YNH: Yeah, that’s always the concern with arms races, which become a race to the bottom in the name of efficiency and domination. I mean, what is extremely problematic or dangerous about the situation now with AI, is that more and more countries are waking up to the realization that this could be the technology of domination in the 21st century. So you’re not talking about just any economic competition between the different textile industries or even between different oil industries, like one country decides to we don’t care about the environment at all, we’ll just go full gas ahead and the other countries are much more environmentally aware. The situation with AI is potentially much worse, because it could be really the technology of domination in the 21st century. And those left behind could be dominated, exploited, conquered by those who forge ahead. So nobody wants to stay behind. And I think the only way to prevent this kind of catastrophic arms race to the bottom is greater global cooperation around AI. Now, this sounds utopian because we are now moving in exactly the opposite direction of more and more rivalry and competition. But this is part of, I think, of our job, like with the nuclear arms race, to make people in different countries realize that this is an arms race, that whoever wins, humanity loses. And it’s the same with AI. If AI becomes an arms race, then this is extremely bad news for all humans. And it’s easy for, say, people in the US to say we are the good guys in this race, you should be cheering for us. But this is becoming more and more difficult in a situation when the motto of the day is America First. How can we trust the USA to be the leader in AI technology, if ultimately it will serve only American interests and American economic and political domination? So I think, most people when they think arms race in AI, they think USA versus China, but there are almost 200 other countries in the world. And most of them are far, far behind. And when they look at what is happening, they are increasingly terrified. And for a very good reason.

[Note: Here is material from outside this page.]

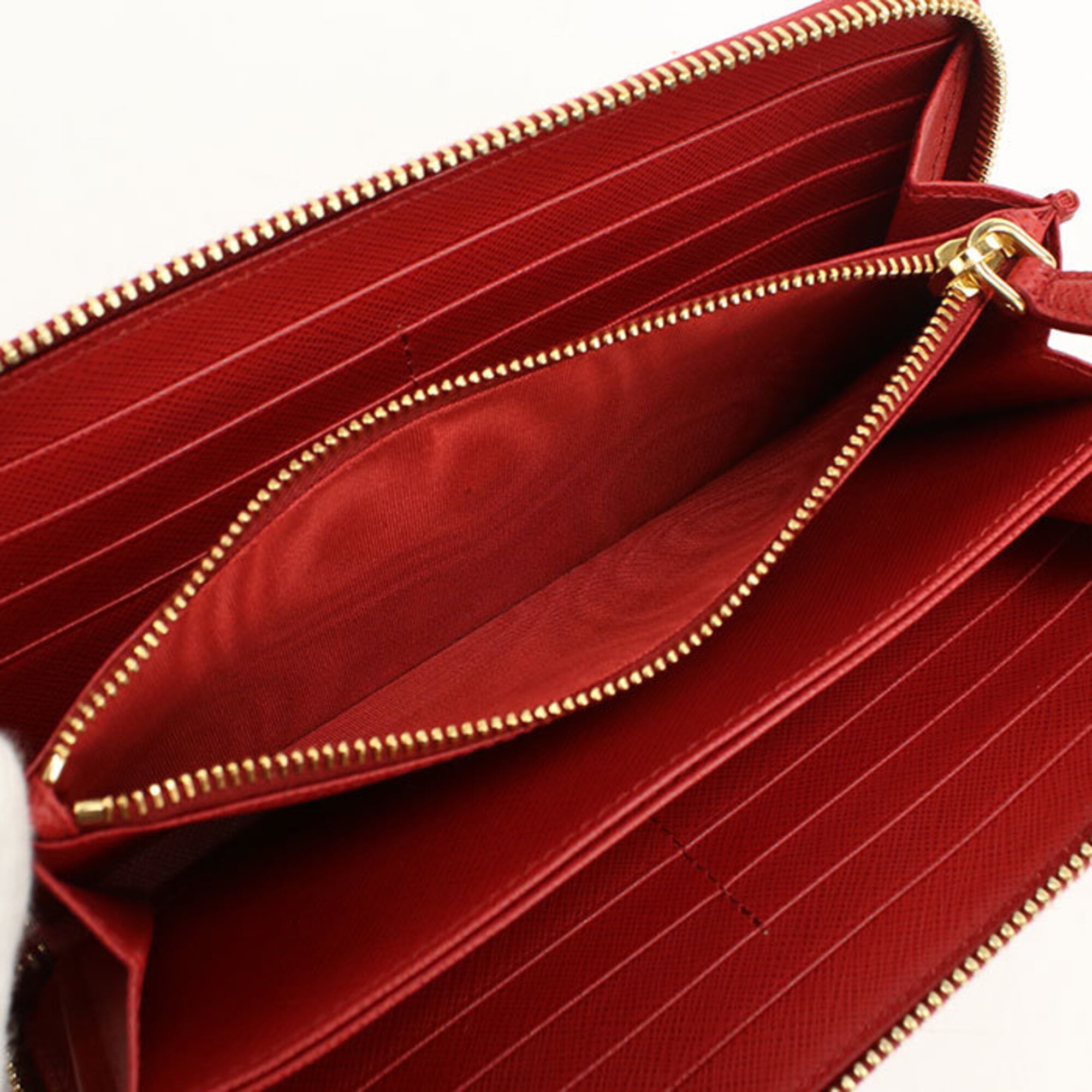 Prada Red Color Leather Long Wallet (Bi-Fold) (Pre-Owned)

NT: The historical example you’ve made is a little unsettling. Because, if I heard your answer correctly, it’s that we need global cooperation. And if we don’t, we’re going to need an arms race. In the actual nuclear arms race, we tried for global cooperation from, I don’t know, roughly 1945 to 1950. And then we gave up and then we said, We’re going full throttle in the United States. And then, Why did the Cold War end the way it did? Who knows but one argument would be that the United States and its relentless buildup of nuclear weapons helped to keep the peace until the Soviet Union collapsed. So if that is the parallel, then what might happen here is we’ll try for global cooperation and 2019, 2020, and 2021 and then we’ll be off in an arms race. A, is that likely and B, if it is, would you say well, then the US needs to really move full throttle on AI because it will be better for the liberal democracies to have artificial intelligence than totalitarian states?
YNH: Well, I’m afraid it is very likely that cooperation will break down and we will find ourselves in an extreme version of an arms race. And in a way it’s worse than the nuclear arms race because with nukes, at least until today, countries developed them, but never use them. AI will be used all the time. It’s not something you have on the shelf for some Doomsday war. It will be used all the time to create potentially total surveillance regimes and extreme totalitarian systems, in one way or the other. And so, from this perspective, I think the danger is far greater. You could say that the nuclear arms race actually saved democracy and the free market and, you know, rock and roll and Woodstock and then the hippies and they all owe a huge debt to nuclear weapons. Because if nuclear weapons weren’t invented, there would have been a conventional arms race and conventional military buildup between the Soviet bloc and the American bloc. And that would have meant total mobilization of society. If the Soviets are having total mobilization, the only way the Americans can compete is to do the same.
Now what actually happened was that you had an extreme totalitarian mobilized society in the communist bloc. But thanks to nuclear weapons, you didn’t have to do it in the United States or in Western Germany, or in France, because we relied on nukes. You don’t need millions of conscripts in the army.
And with AI it is going to be just the opposite, that the technology will not only be developed, it will be used all the time. And that’s a very scary scenario.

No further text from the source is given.